Pendant ce temps, Thérèse avait installé la maman Moret dans la chambre qui lui était réservée, et qui communiquait avec un cabinet destiné à Christine, puis elle était rentrée dans le salon pour procéder, avec l'aide de sa belle-soeur, à l'ouverture des bagages.
Tout en tirant hors des compartiments les vêtements et le linge de sa mère, Christine repensait à la robe de moine, et, ainsi que Jacques l'avait redouté, elle grillait d'en parler à Thérèse. D'avance elle éprouvait une joie maligne à se servir de cette découverte pour inquiéter la tendresse de la jeune femme.
--Tout de même, remarqua-t-elle, c'est singulier que Jacques n'ait point eu votre télégramme, Thérèse!

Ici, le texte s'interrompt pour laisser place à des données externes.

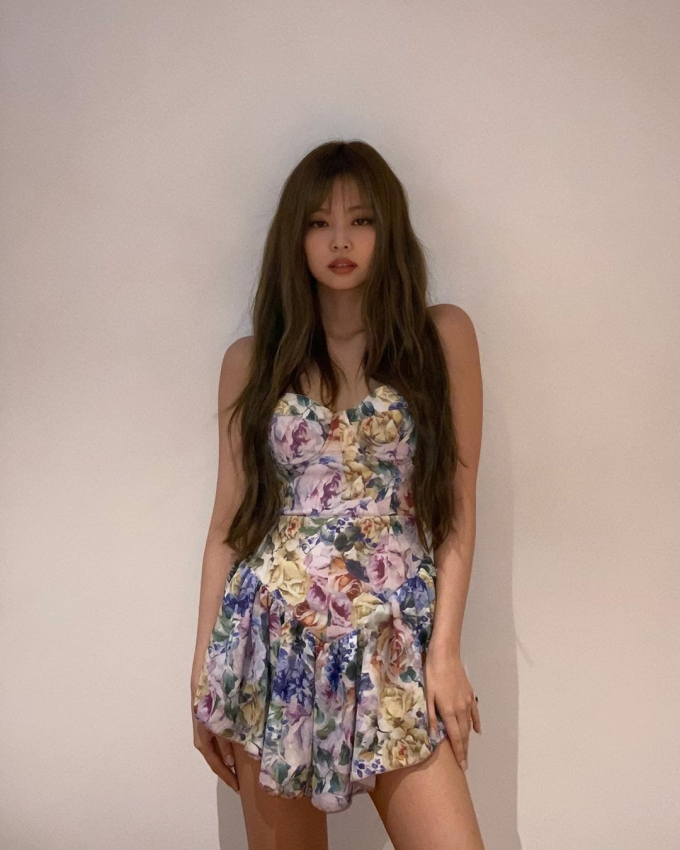 Tủ đồ chuẩn girlfriend material của BLACKPINK sẽ cho các nàng 1001 ý tưởng mặc xinh trong ngày 20/10 này - Ảnh 4. Tủ đồ chuẩn girlfriend material của BLACKPINK sẽ cho các nàng 1001 ý tưởng mặc xinh trong ngày 20/10 này - Ảnh 4.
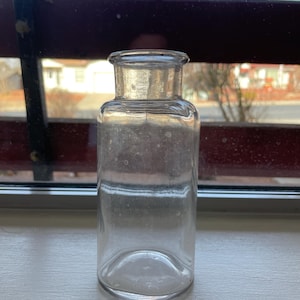 Vintage WTCO USA Clear Glass Chemistry/Apothecary Jar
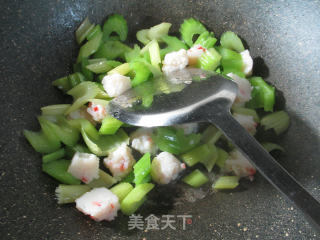 Stir-fried Celery with Shrimp Balls recipe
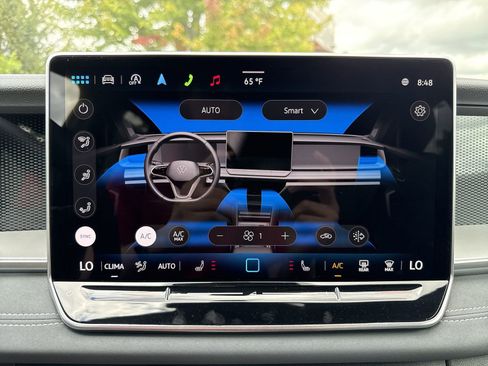 New 2025 Volkswagen Tiguan SE R-Line image 20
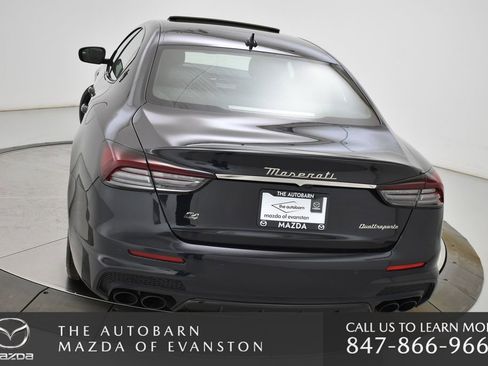 Used 2022 Maserati Quattroporte Modena Q4 image 16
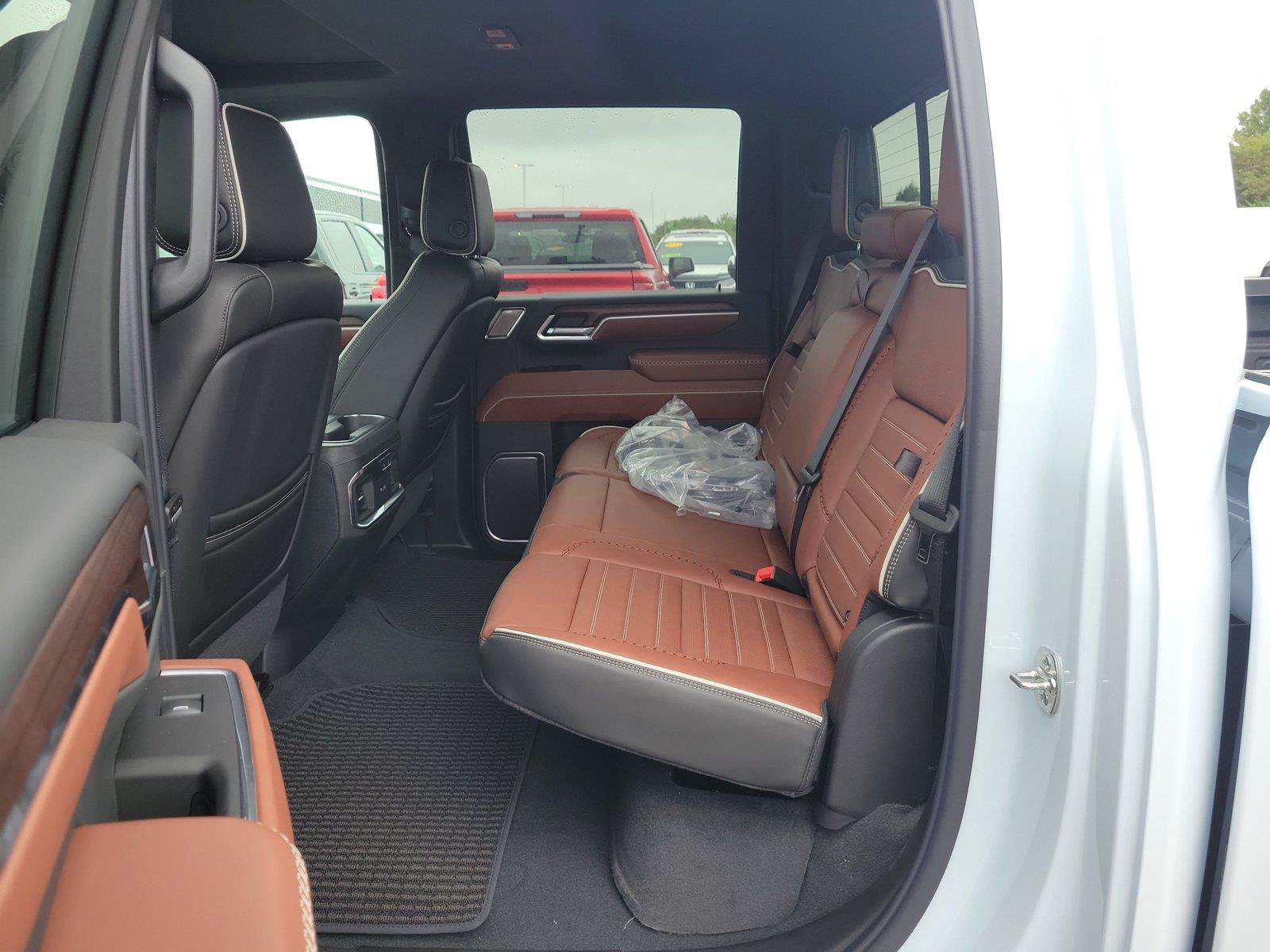 New 2026 GMC Sierra 2500 Denali Ultimate w/ LPO, Black Badging Package AWD/4WD image 11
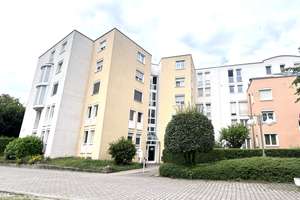Attraktive  2,5 Zimmer Wohnung mit großzügigem Garten Provisionsfrei zu erwerben! 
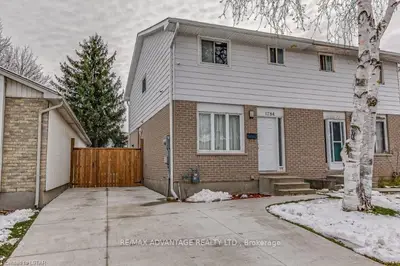 1784 Aldersbrook Road, London North, On N6g 3e4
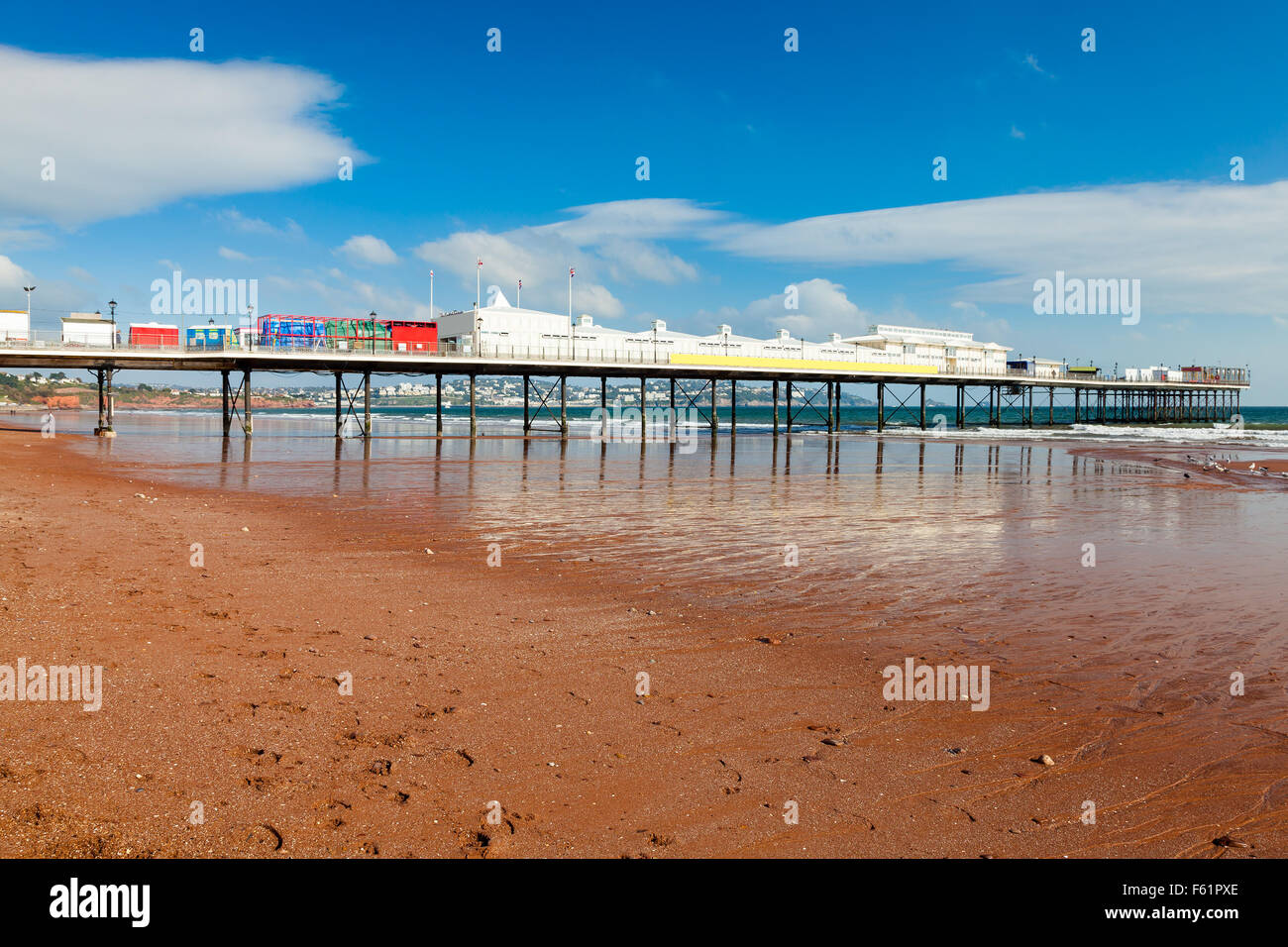 Paignton pier riflessa sul bagnato e sulla spiaggia Devon England Regno Unito Europa Foto Stock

--Jacques vous en a donné lui-même la raison, Christine... Il est rentré tard et s'est couché sans voir la dépêche.
--Il fallait qu'il fût bien fatigué par sa soirée pour avoir si grande hâte de se mettre au lit!... J'ai en idée, moi, qu'il avait passé sa nuit au bal masqué.
--Je n'en sais rien, répliqua Thérèse avec un involontaire tressaillement, et je me demande ce qui peut vous le faire supposer?